DATA:
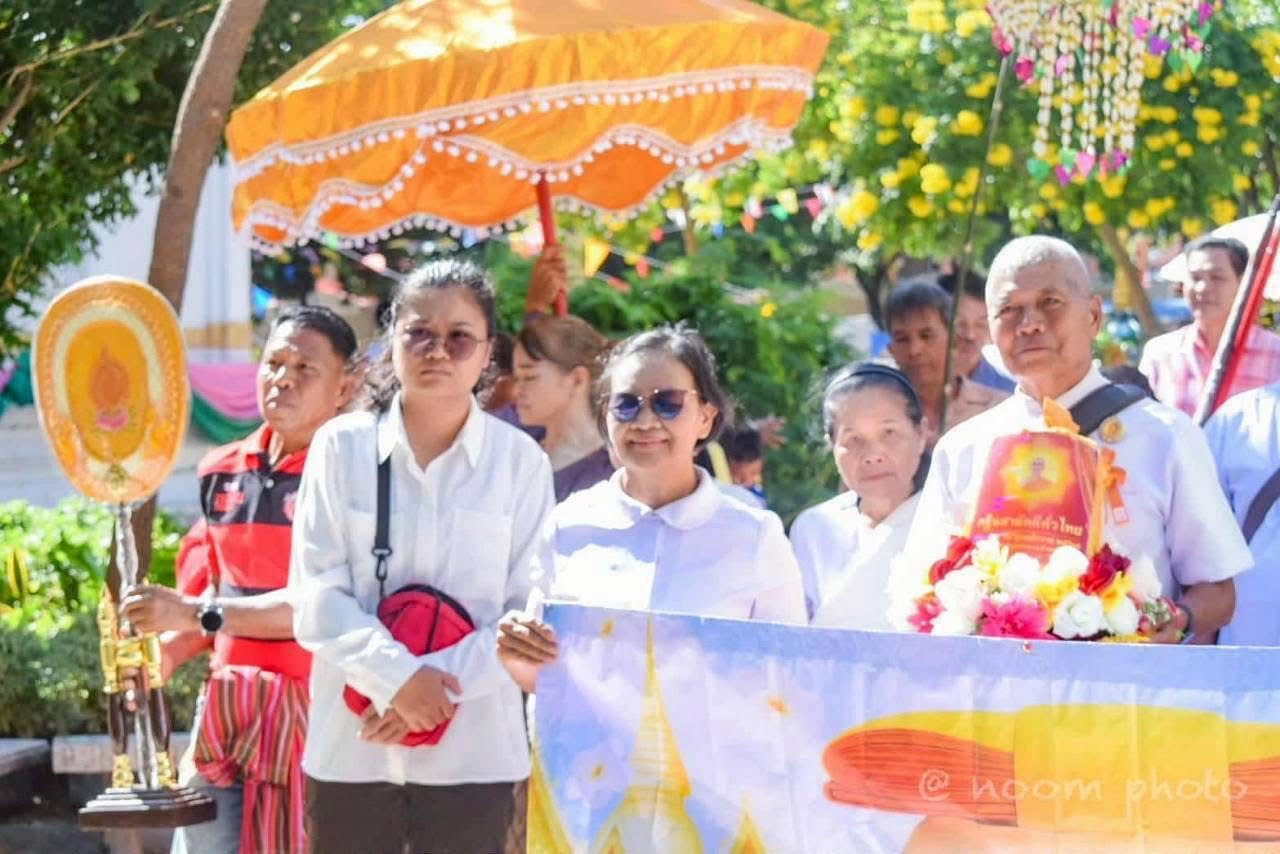 ภาพร่วมพิธีกรรมวัดศรีลาวรรณ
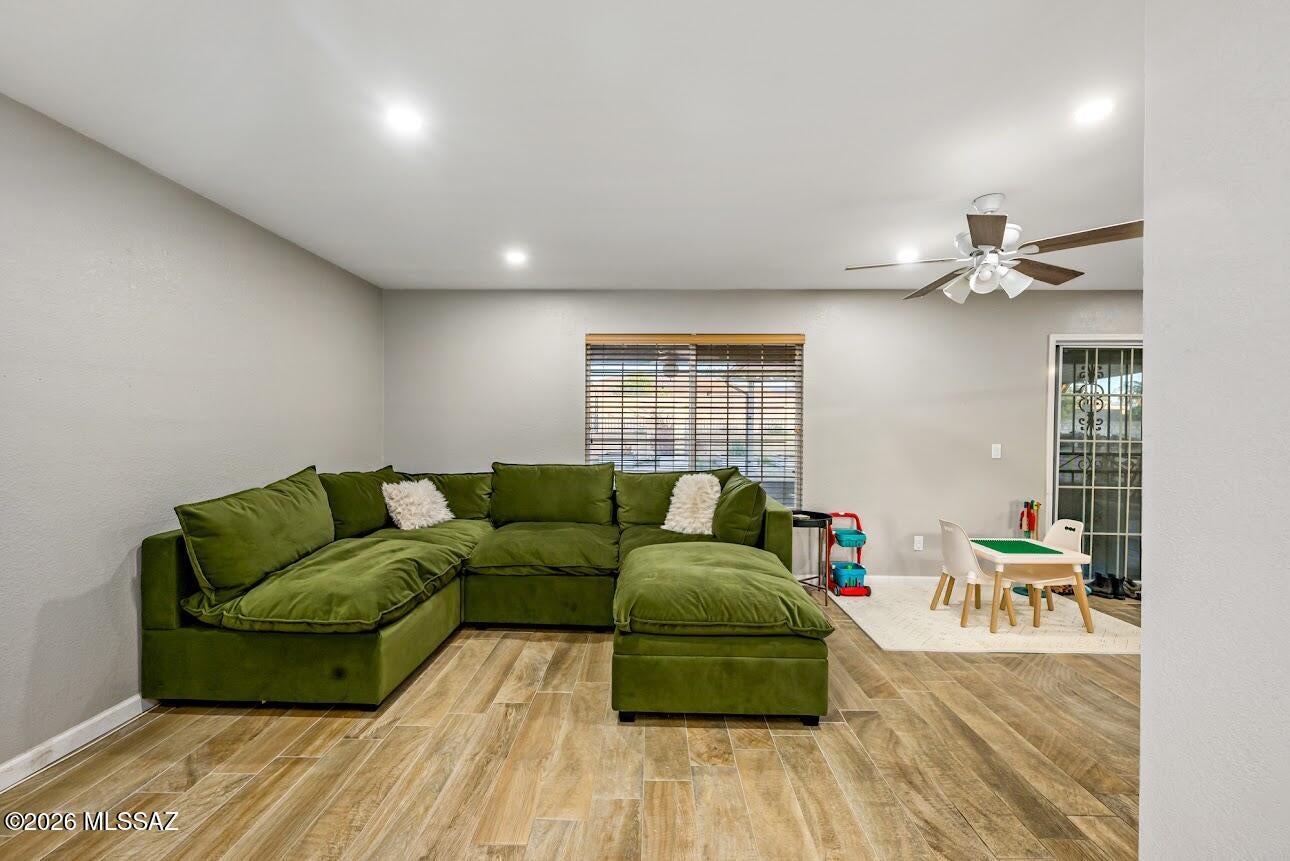 Twenty-Nine Palms (1-70) - Residential Lease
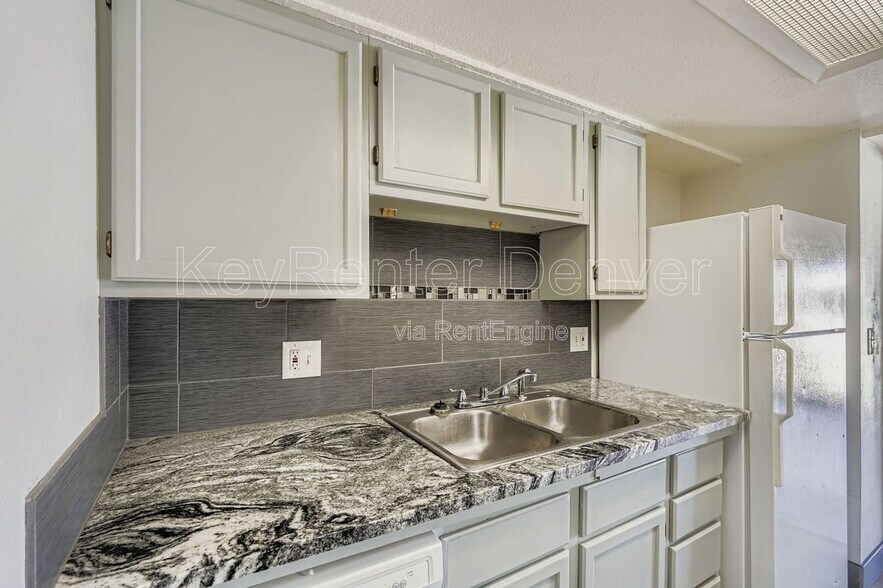 Building Photo - 12162 Melody Dr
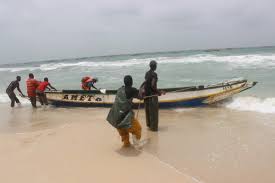 صورة أسبانيا: إنقاذ مئات المهاجرين القادمين من موريتانيا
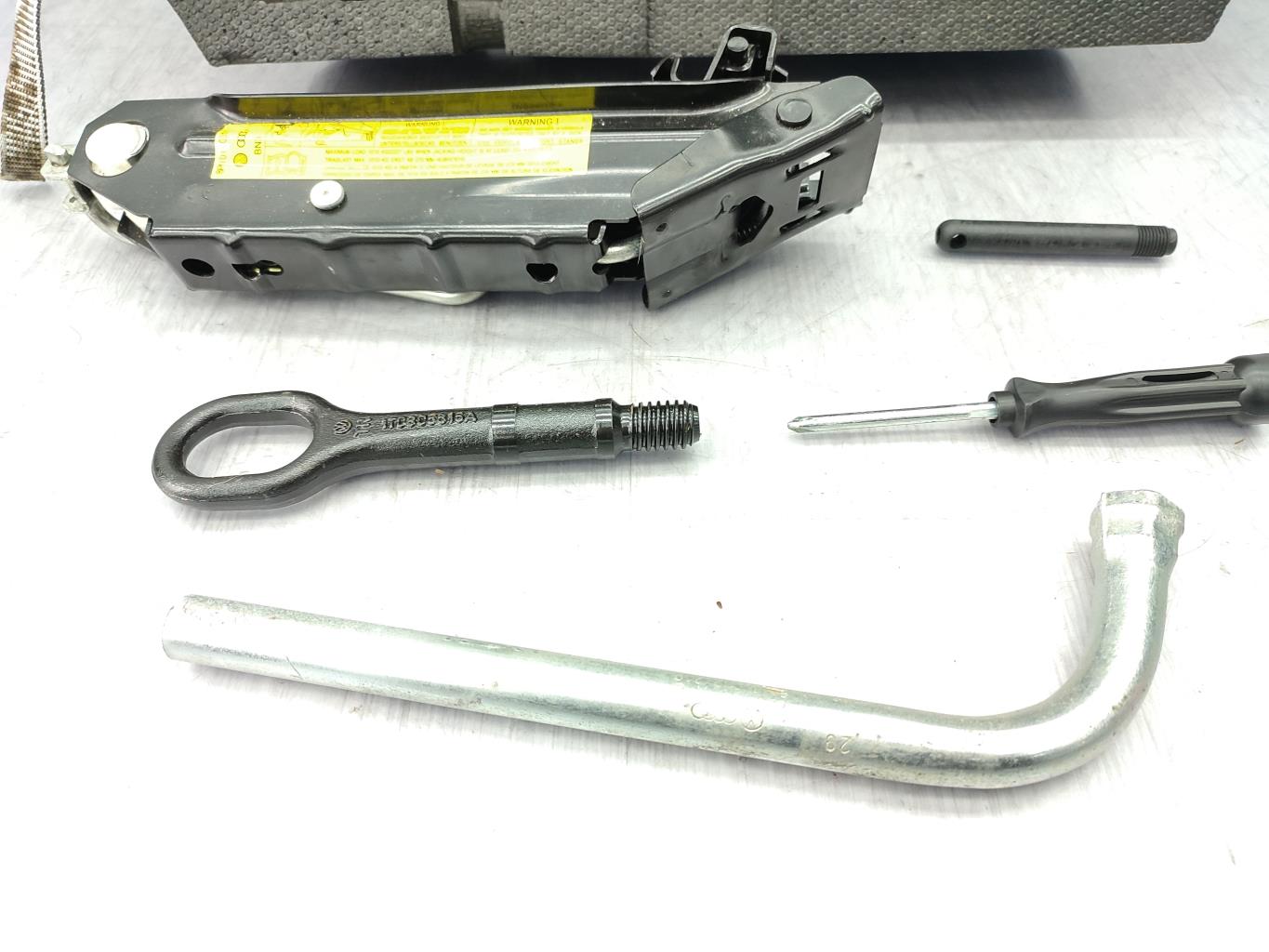 Cric (Ensemble depannage) AUDI A3 2 SPORTBACK PHASE 2 Diesel - 1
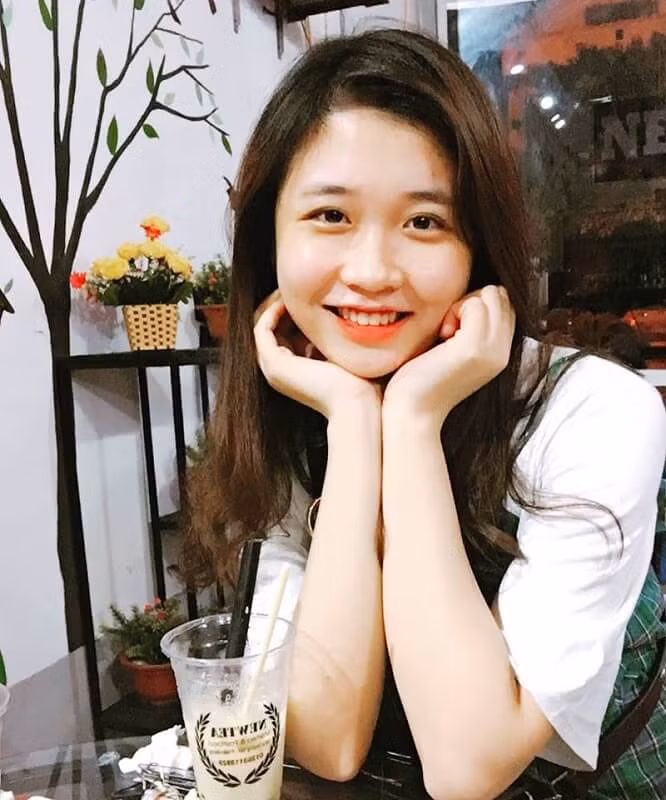"Rụng tim" trước nét đẹp dịu dàng của nữ sinh Huế tại vòng sơ khảo "Hoa Khôi Sinh Viên 2018" ảnh 4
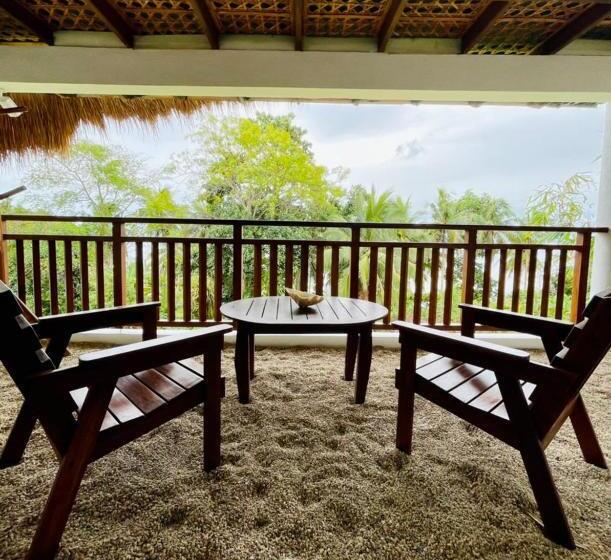 اتاق لوکس با تخت بزرگ, Amun Ini Beach Resort & Spa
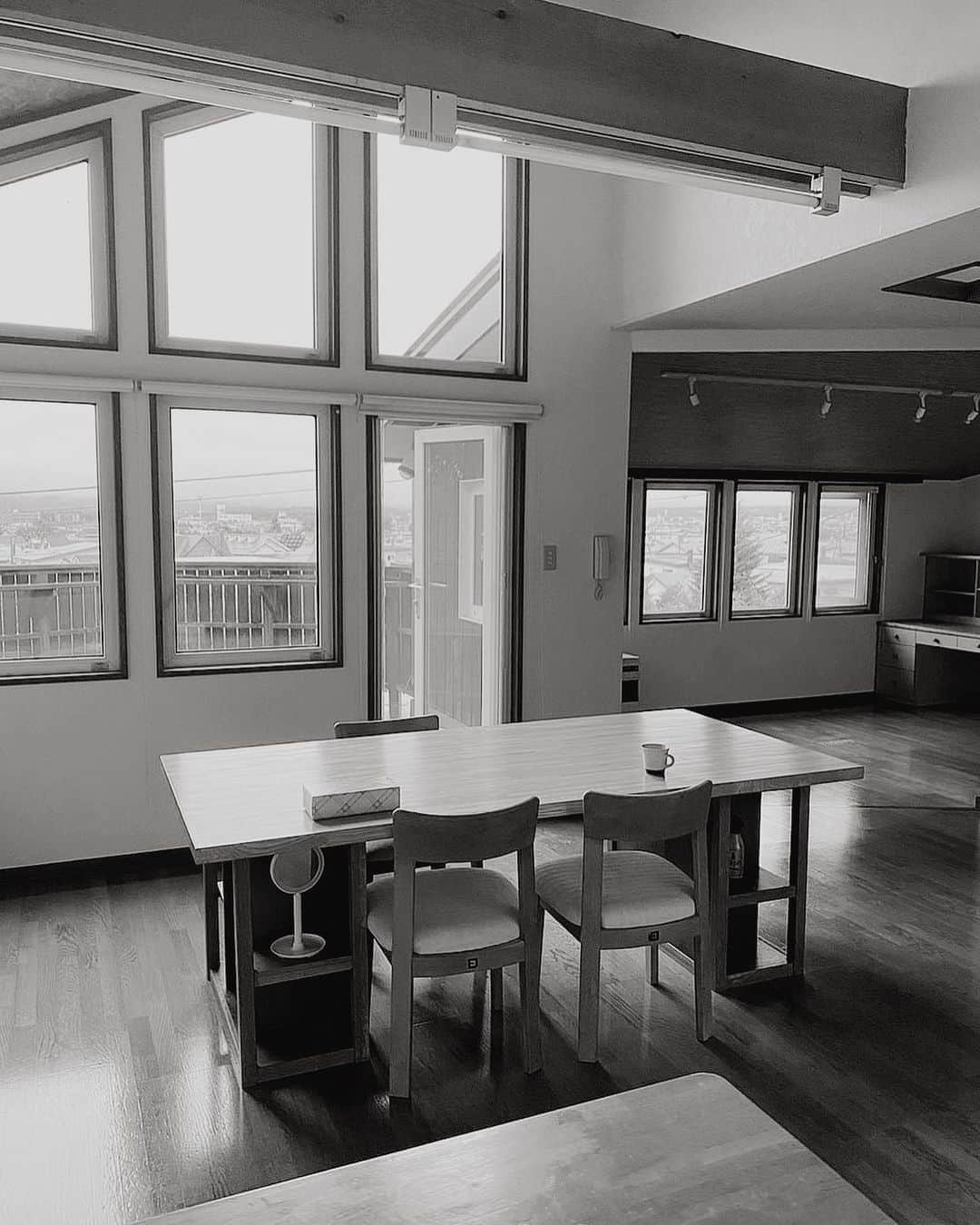 滝沢結貴のインスタグラム：「📍our second house ﻿ 父が設計した、北海道のセカンドハウス。﻿ コンクリートジャングルにいると、たまに自然が恋しくなる。落ち着いたら、行きたいな☺️🌍💙」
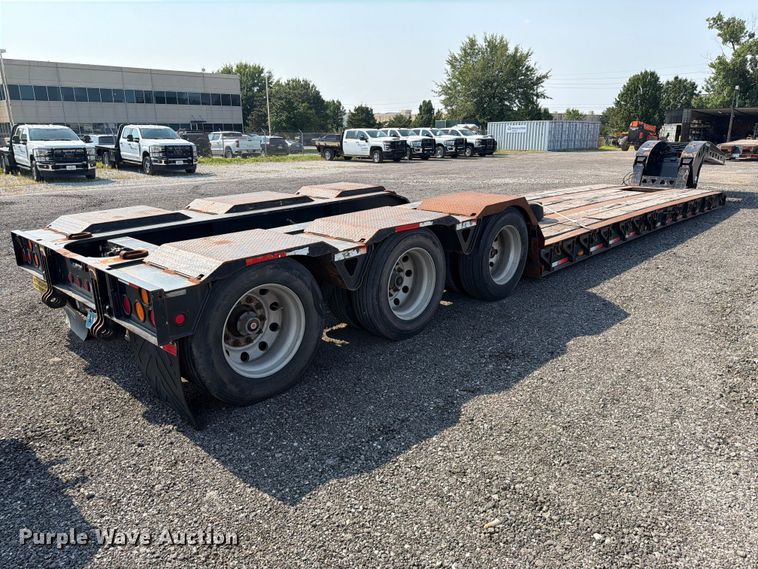 image for item FI0330 2009 Trail King lowboy equipment trailer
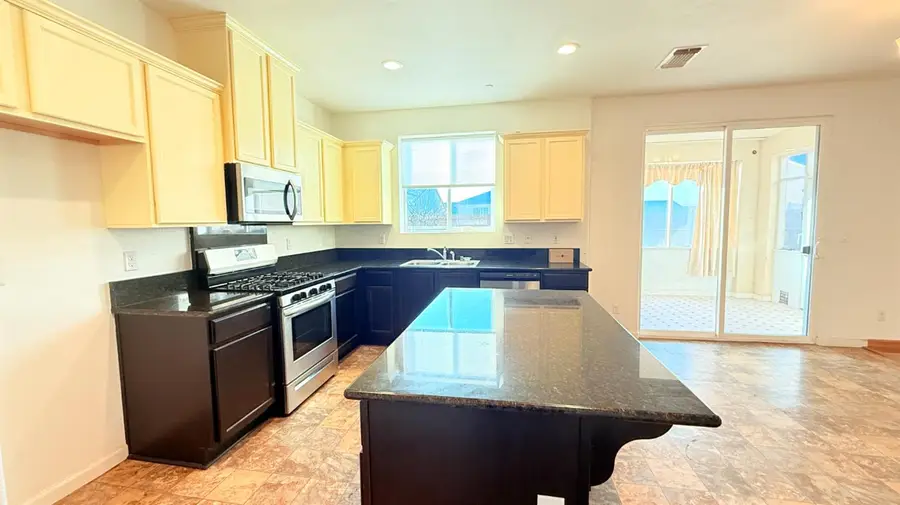 3935 E Myrtle Avenue, Visalia, CA 93292 - #3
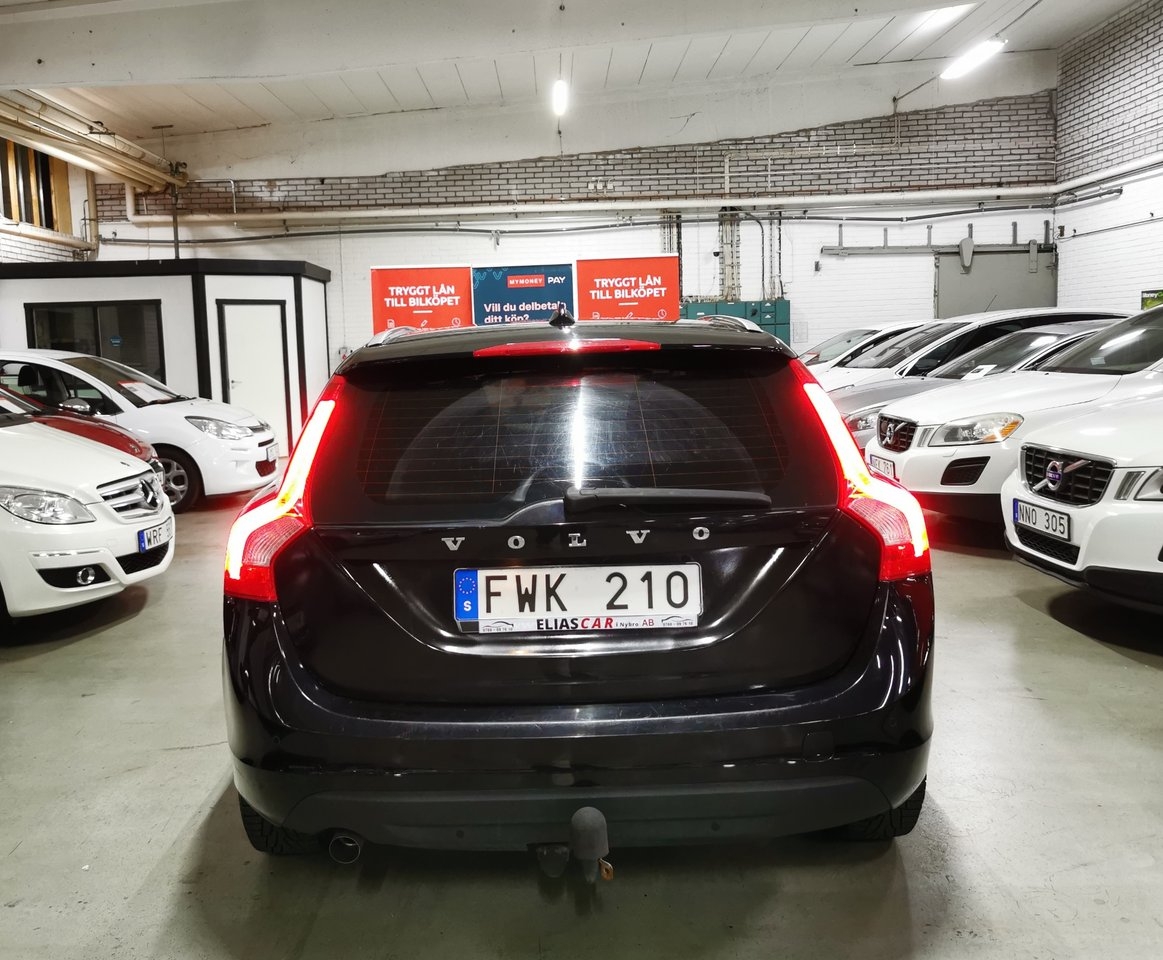 Volvo V60 2012, photo 6/10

REQUIRED ACTION: Give the records again exactly, minus the pictures.

RESPONSE BELOW:
 ภาพร่วมพิธีกรรมวัดศรีลาวรรณ
 Twenty-Nine Palms (1-70) - Residential Lease
 Building Photo - 12162 Melody Dr
 صورة أسبانيا: إنقاذ مئات المهاجرين القادمين من موريتانيا
 Cric (Ensemble depannage) AUDI A3 2 SPORTBACK PHASE 2 Diesel - 1
"Rụng tim" trước nét đẹp dịu dàng của nữ sinh Huế tại vòng sơ khảo "Hoa Khôi Sinh Viên 2018" ảnh 4
 اتاق لوکس با تخت بزرگ, Amun Ini Beach Resort & Spa
 滝沢結貴のインスタグラム：「📍our second house ﻿ 父が設計した、北海道のセカンドハウス。﻿ コンクリートジャングルにいると、たまに自然が恋しくなる。落ち着いたら、行きたいな☺️🌍💙」
 image for item FI0330 2009 Trail King lowboy equipment trailer
 3935 E Myrtle Avenue, Visalia, CA 93292 - #3
 Volvo V60 2012, photo 6/10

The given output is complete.